Transcribe the lines below exactly. No image belongs in the transcription.

▶ INPUT MATERIAL
————

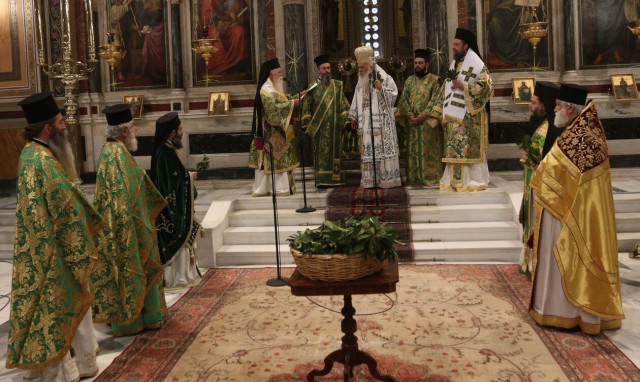 Κυριακή των Βαΐων: Τι γιορτάζουμε - Τα έθιμα και οι παραδόσεις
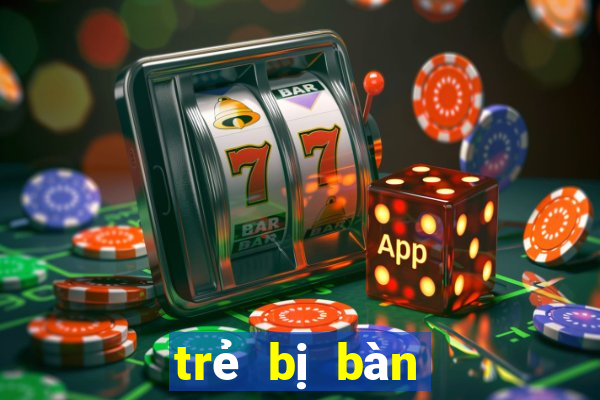 trẻ bị bàn chân bẹt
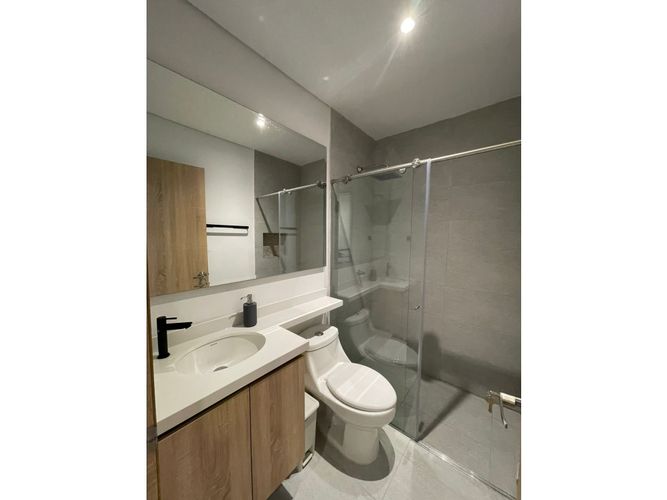 Casa de 4 alcobas en venta en Las Varas, Ricaurte, 220 m² · foto 15 de 24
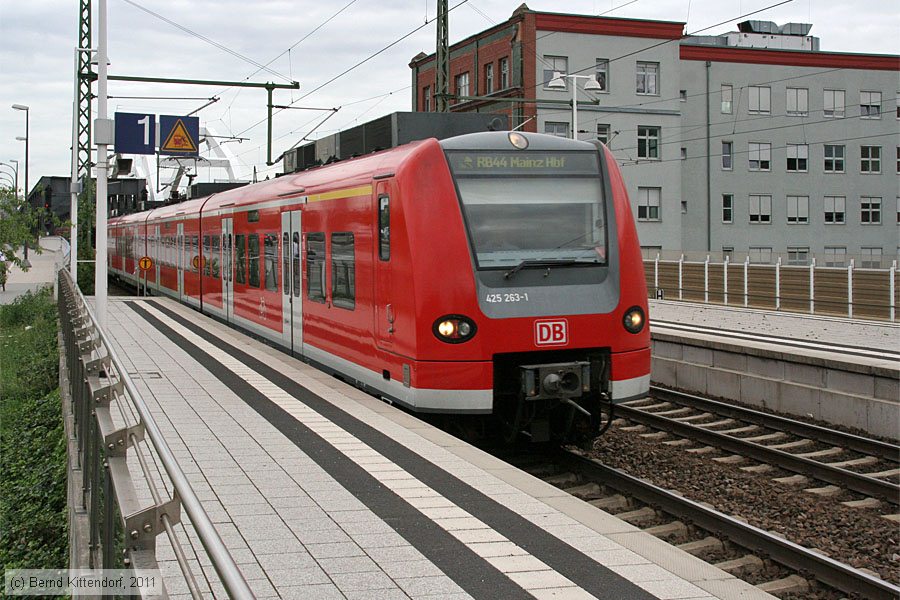 Deutsche Bahn - 425263-1
/ Bild: db4252631_bk1108050001.jpg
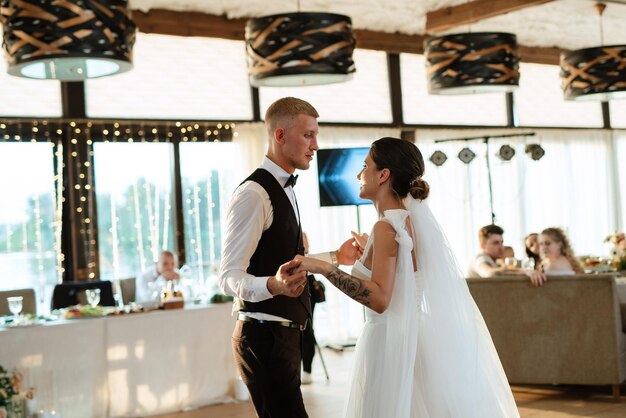 Foto el primer baile nupcial de los novios.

————

▶ FINISHED EXERCISE
 Κυριακή των Βαΐων: Τι γιορτάζουμε - Τα έθιμα και οι παραδόσεις
 trẻ bị bàn chân bẹt
 Casa de 4 alcobas en venta en Las Varas, Ricaurte, 220 m² · foto 15 de 24
 Deutsche Bahn - 425263-1
/ Bild: db4252631_bk1108050001.jpg
 Foto el primer baile nupcial de los novios.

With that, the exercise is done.